Biodiversity and conservation of resources are two goals that people in western democracies can quickly agree on. But when it comes to concrete targets, it is not only economic interests that are pitted against ecological interests. In many cases, individual protection objectives compete with each other within environmental policy, and there are fierce disputes about their priority. In addition to different values, there are also power imbalances and social inequality.
As part of the seminar “Environmental Humanities – Digital Hub”, students from TU Braunschweig together with Geography students from the seminar “Geographien Ungleicher Entwicklungen” (Geographies of Unequal Developments) at Leibniz University Hannover interviewed Thomas Plate, the manager of a fishing company in Torgau, about how economic and ecological conflicts of interest shape his work.
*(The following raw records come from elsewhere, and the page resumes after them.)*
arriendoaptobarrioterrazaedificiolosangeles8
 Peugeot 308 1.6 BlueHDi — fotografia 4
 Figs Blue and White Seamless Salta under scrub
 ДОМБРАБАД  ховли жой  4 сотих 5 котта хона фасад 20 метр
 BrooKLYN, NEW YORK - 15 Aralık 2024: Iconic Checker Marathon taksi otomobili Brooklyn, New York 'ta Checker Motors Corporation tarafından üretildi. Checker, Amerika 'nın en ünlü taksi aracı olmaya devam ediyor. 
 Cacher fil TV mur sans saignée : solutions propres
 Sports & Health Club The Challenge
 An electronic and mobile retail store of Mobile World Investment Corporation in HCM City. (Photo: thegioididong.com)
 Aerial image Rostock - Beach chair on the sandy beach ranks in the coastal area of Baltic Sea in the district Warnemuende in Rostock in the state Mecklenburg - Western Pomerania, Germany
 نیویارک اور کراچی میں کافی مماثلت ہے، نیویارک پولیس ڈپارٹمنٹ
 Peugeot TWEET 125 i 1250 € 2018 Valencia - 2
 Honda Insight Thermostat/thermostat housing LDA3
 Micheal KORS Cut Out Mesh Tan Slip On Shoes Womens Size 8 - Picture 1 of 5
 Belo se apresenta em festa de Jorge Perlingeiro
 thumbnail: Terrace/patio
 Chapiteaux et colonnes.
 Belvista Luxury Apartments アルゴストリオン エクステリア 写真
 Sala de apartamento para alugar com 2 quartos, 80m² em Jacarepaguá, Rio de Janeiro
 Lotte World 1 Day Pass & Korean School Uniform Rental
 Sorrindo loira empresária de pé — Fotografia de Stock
Afterwards, with the support of the lecturers Siran Liang and Karolin Kautzschmann, they organised an excursion to his fishing company to analyse the human-environment relationship as well as structures and processes of local and global inequalities on site.
During the day excursion, the students visited the fishing company and learned about the effects that human-environment relationships can have on production processes. One example is the relationship between humans, farmed fish and the cormorant. The cormorant, a protected bird species, eats the smaller fish from freshwater fisheries. Only from a weight of about 500 grams are they safe from him. As a result, farms like the one in Torgau have to buy fish of this size from Poland and then grow them to “edible” size.
Global problems perceptible at local level
Global problems such as climate change also influence the fishing industry. It causes ponds to dry out and promotes the growth of algae. In addition, regional fishing companies have to compete with larger competitors. The sea fishing industry with its big lobby is able to sell salmon from a great distance at a price that local fisheries cannot compete with.
Finally, the students discussed with Thomas Plate and Jan Schöne, volunteer manager of a NABU nature conservation station, how sustainable and social business is possible. “Reconciling nature conservation, climate change, profit, bureaucracy and the needs of the clientele is a particularly big challenge,” the students summed up after the visit to the Torgau fishery.